Your task: Skip every image and restate the data word for word.

Data extract:
------------------------------

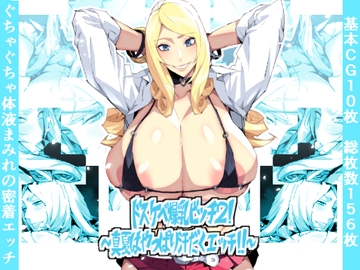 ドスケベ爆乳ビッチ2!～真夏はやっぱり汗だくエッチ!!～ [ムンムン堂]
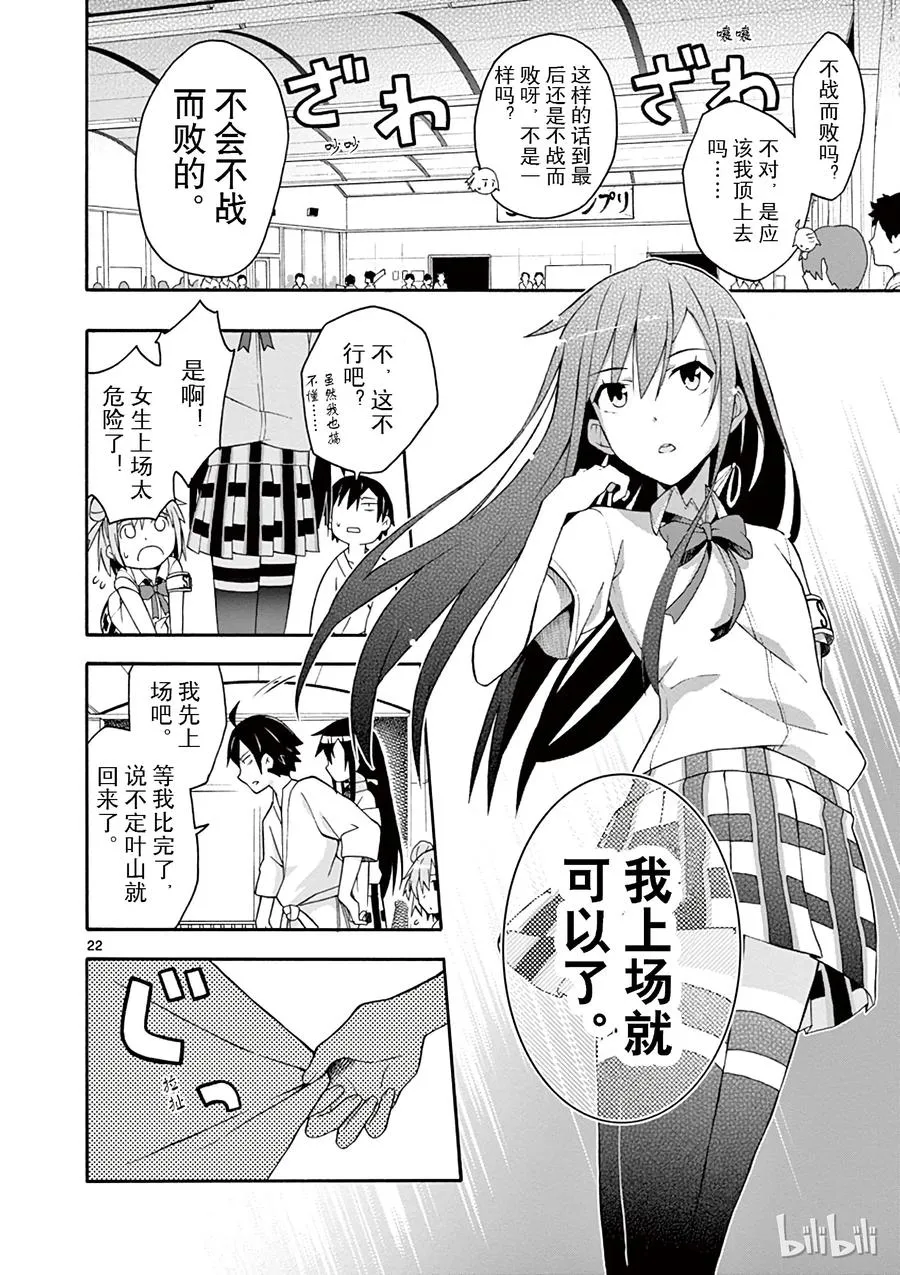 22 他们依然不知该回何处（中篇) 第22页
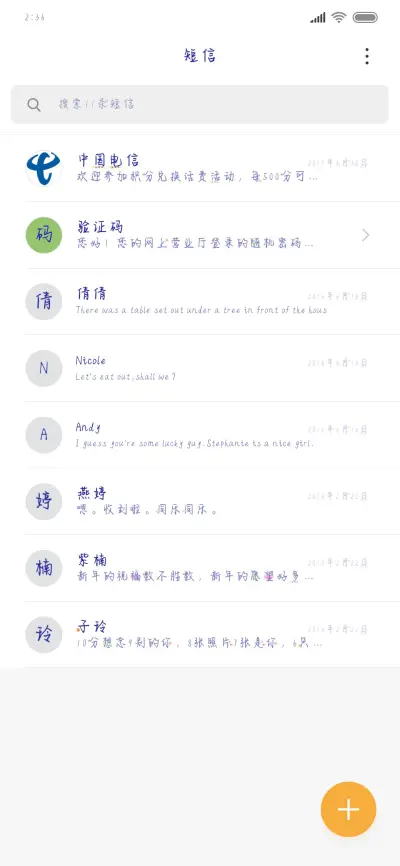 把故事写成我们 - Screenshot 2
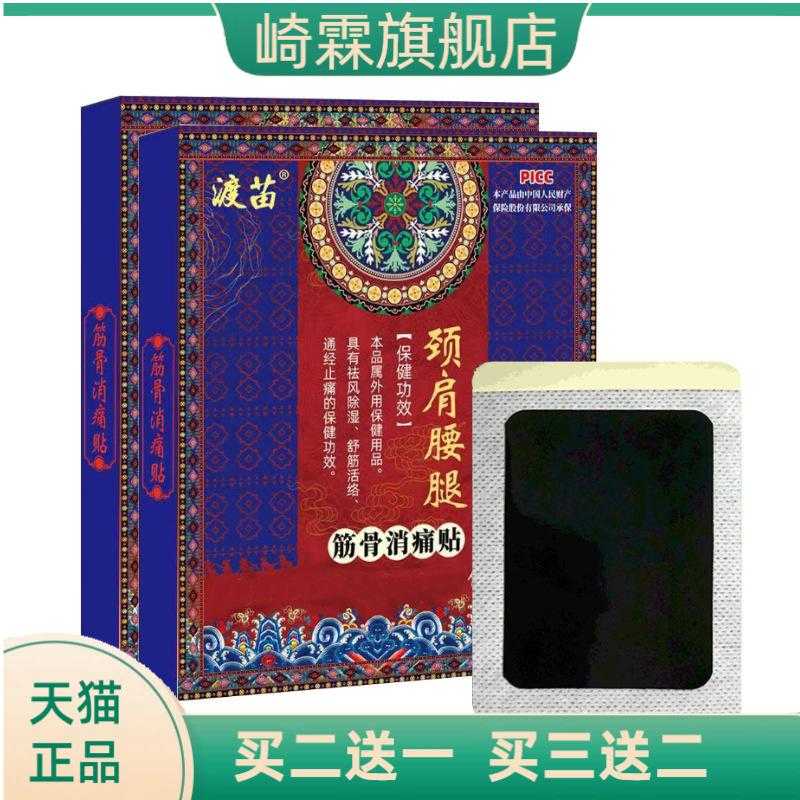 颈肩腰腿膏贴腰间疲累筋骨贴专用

------------------------------

Worked solution:
 ドスケベ爆乳ビッチ2!～真夏はやっぱり汗だくエッチ!!～ [ムンムン堂]
 22 他们依然不知该回何处（中篇) 第22页
 把故事写成我们 - Screenshot 2
 颈肩腰腿膏贴腰间疲累筋骨贴专用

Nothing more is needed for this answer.